Tierradentro (meaning "Underground" in Spanish for their well-known tombs) is one of the ancient Pre-Columbian cultures of Colombia. It started to flourish around 200 BC in the mountains of southwest Colombia, and continued into the 17th century. The Tierradentro culture is particularly well known for its dense collection of elaborate pre-Columbian hypogea.
It is considered part of San Agustín culture rather than a separate culture.

The typical Tierradentro hypogeum has an entry oriented towards the west, a spiral staircase and a main chamber, usually 5 to 8 meters below the surface, with several lesser chambers around, each one containing a corpse. The walls are painted with geometric, anthropomorphic and zoomorphic patterns in red, black and white. Some statues and remains of pottery and fabrics can be seen scarcely due to grave robbery before the hypogea were constituted as protected areas. The details in the sculptures and pictorial patterns in the hypogea are similar to the neighboring San Agustín culture, although they occur at much higher density.
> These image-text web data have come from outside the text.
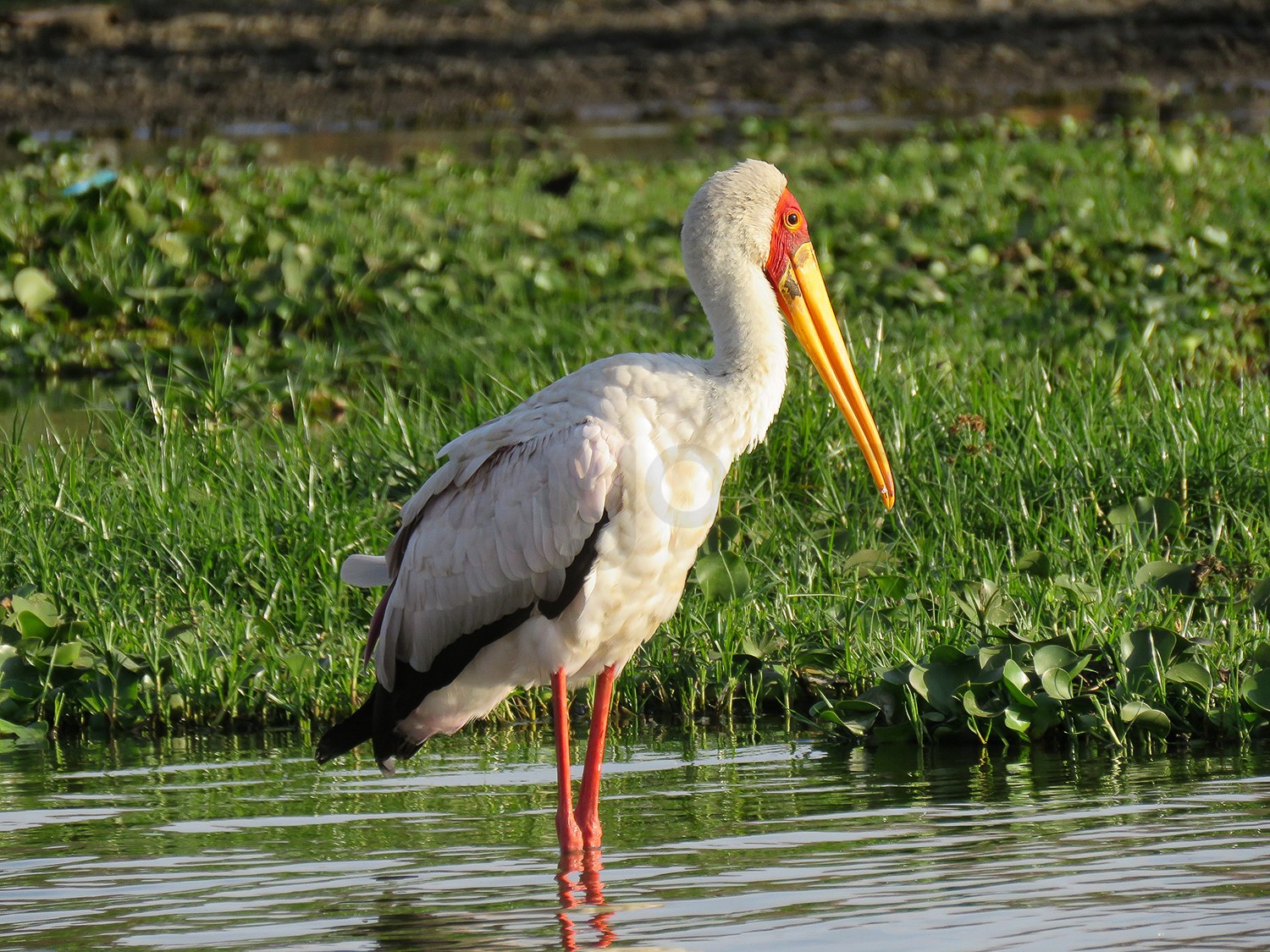 Yellow Billed Stork | Lake Naivasha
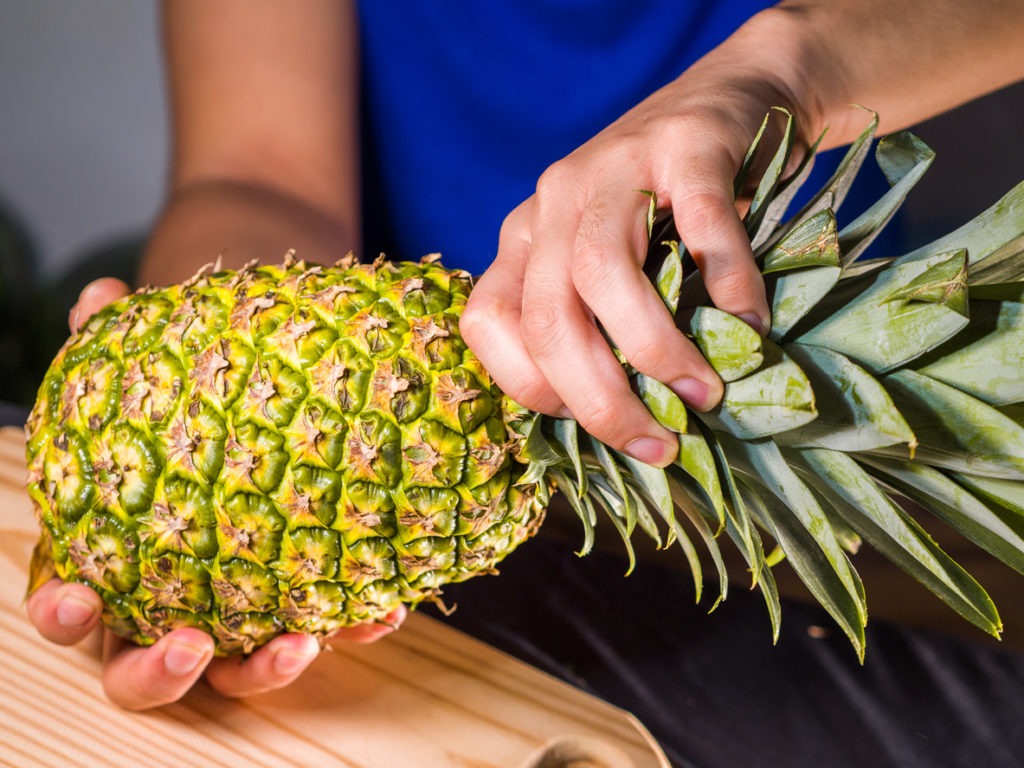 Closeup shot of a person holding a pineapple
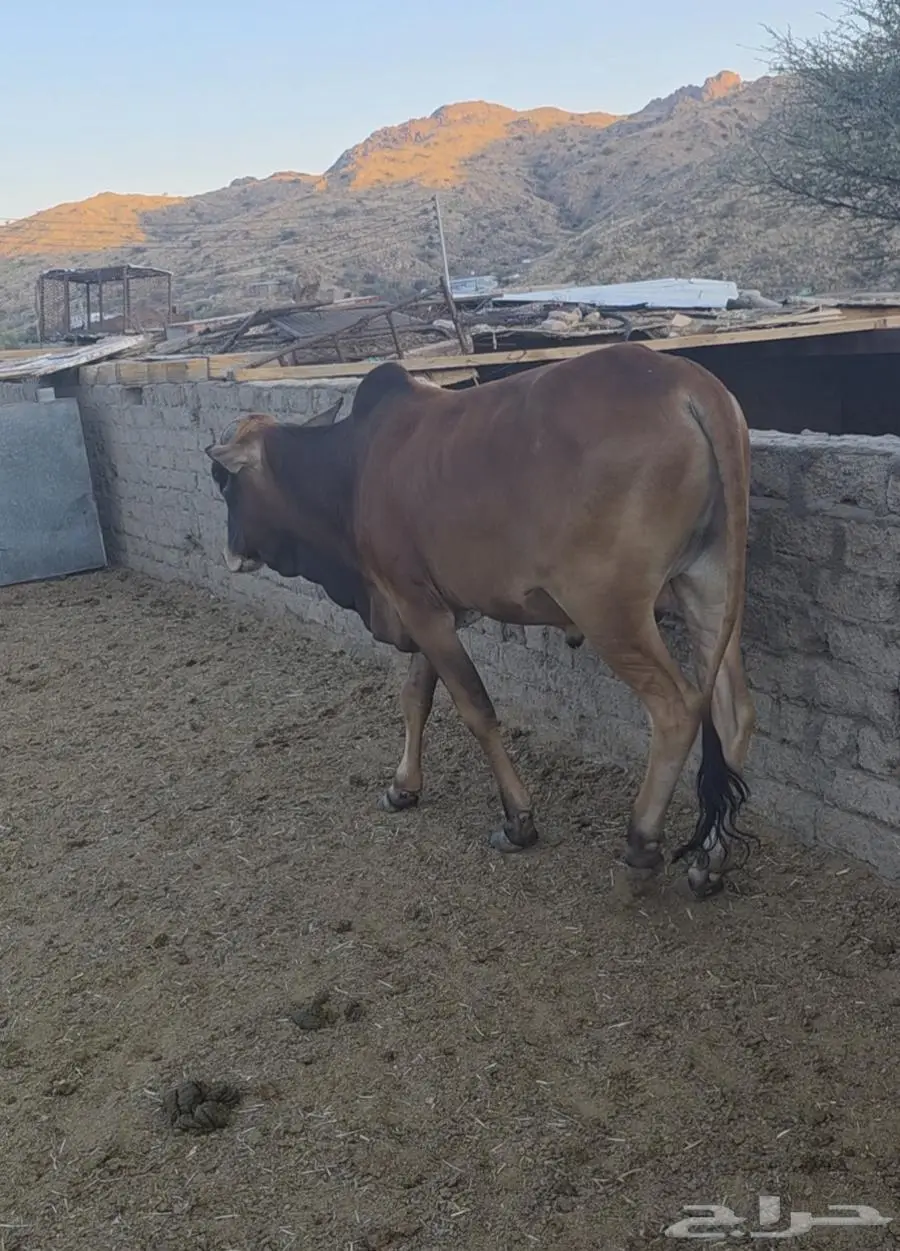 عجول حسلان بلدي من انتاج حلالنا 0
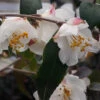 Snowbells Camellia (Camellia Transarisanensis) - 1 Gallon Pot 1 Snowbells Camellia (Camellia Transarisanensis) - 1 Gallon Pot -Plant Discount Store camellia handelii snowbells 2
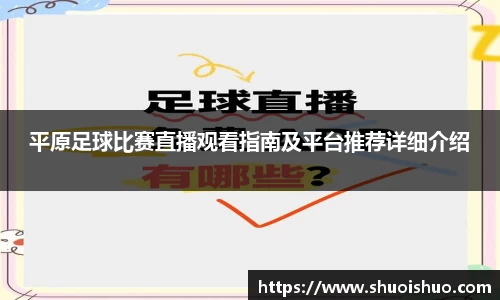 平原足球比赛直播观看指南及平台推荐详细介绍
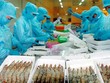 Xuất khẩu tôm “điêu đứng” vì lệnh cấm Link Vào Nhà Cái KL99 COM Tặng +199k của Úc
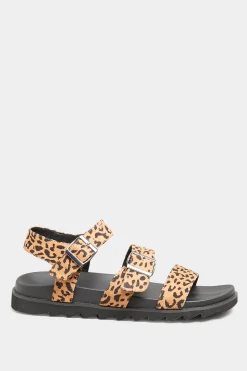 Yours Yours Black Leopard Print Buckle Sandals In Extra Wide Eee Fit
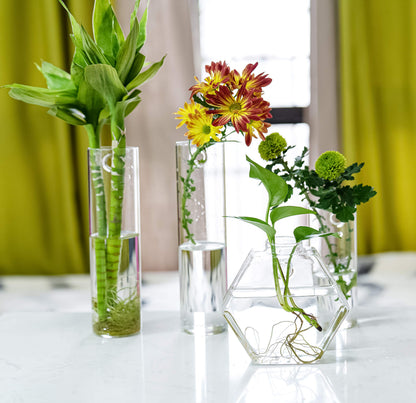 Kingbuy Hexagon Wall Planter Set - 3 Pack Glass Propagation Terrarium Vases with Hanging Mounts for Indoor Plants, Air Plants & Hydroponic Stations Home Office Decor, Plant Lover Gifts (Medium)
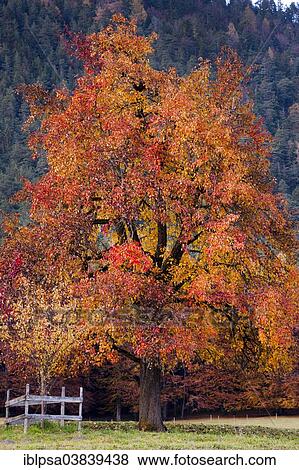 "Apple tree in autumn, North Tyrol, Austria, Europe" View Large Photo Image Stock Photo - "Apple tree in autumn, North Tyrol, Austria, Europe". Fotosearch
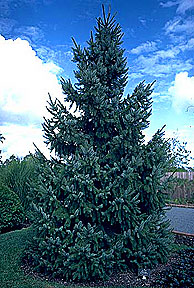 PHOTO: serbian spruce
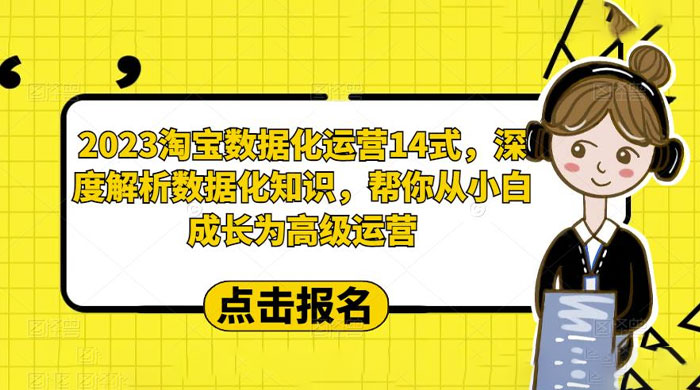 2023 淘宝数据化运营 14 式：深度解析数据化知识，帮你从小白成长为高级运营 - 项目资源网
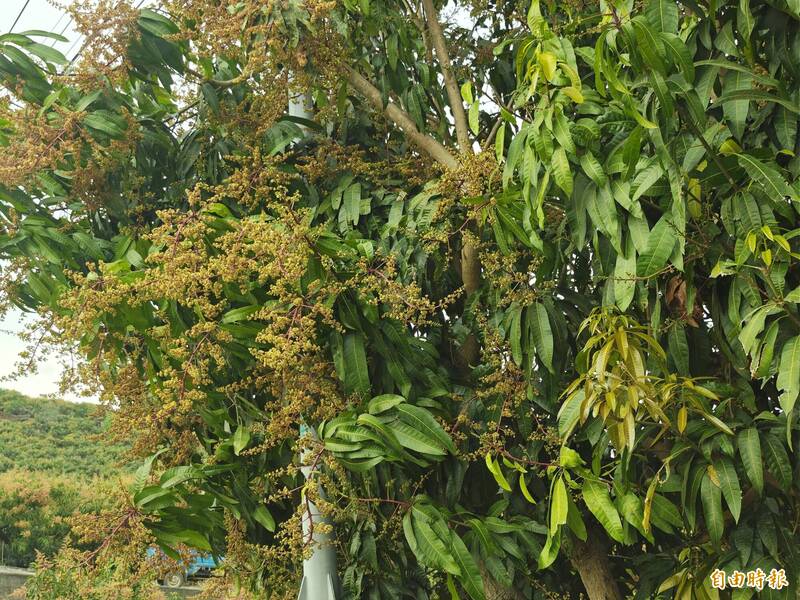 南部芒果花開 農改場提醒防治相關病蟲害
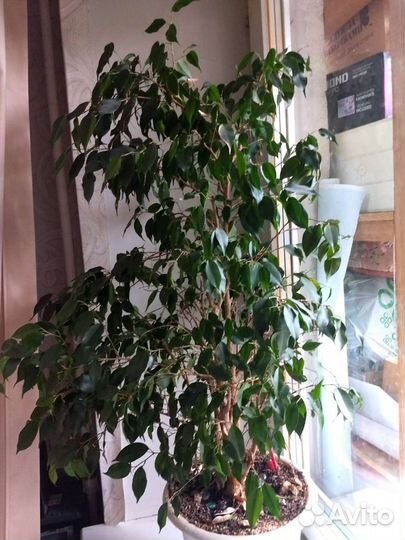 Фикус бенджамина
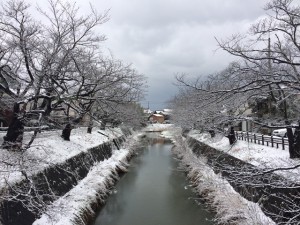 ほんの少し前には　雪が積もったのです。この日は中学校の卒業式でした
Hypogea have been found in several excavations across the region, including Alto del Aguacate (Avocado Hill), Alto de San Andrés, Alto de Segovia, Alto del Duende and El Tablón. The mountainous area where the Tierradentro culture thrived and the excavations of 162 hypogea now comprise a national archeological park in the jurisdiction of the municipality of Inza, Department of Cauca, Colombia. The park is located 100 km away from the capital of the Department, Popayán. The Tierradentro culture that created this funeral complex inhabited this area during the first millennium AD, and the park features hypogea dating from 6th to 9th centuries AD. The Terradentro National Archeological Park was listed as a UNESCO World Heritage Site in 1995 because of its "unique testimony to the artistic and social culture of the region".

The park generates significant revenue to the local economy due to the high volume of tourists, both Colombian and foreigners. These sites form a UNESCO World Heritage Site. The site was listed on the World Monuments Fund's 2012 World Monuments Watch list of 100 Most Endangered Sites.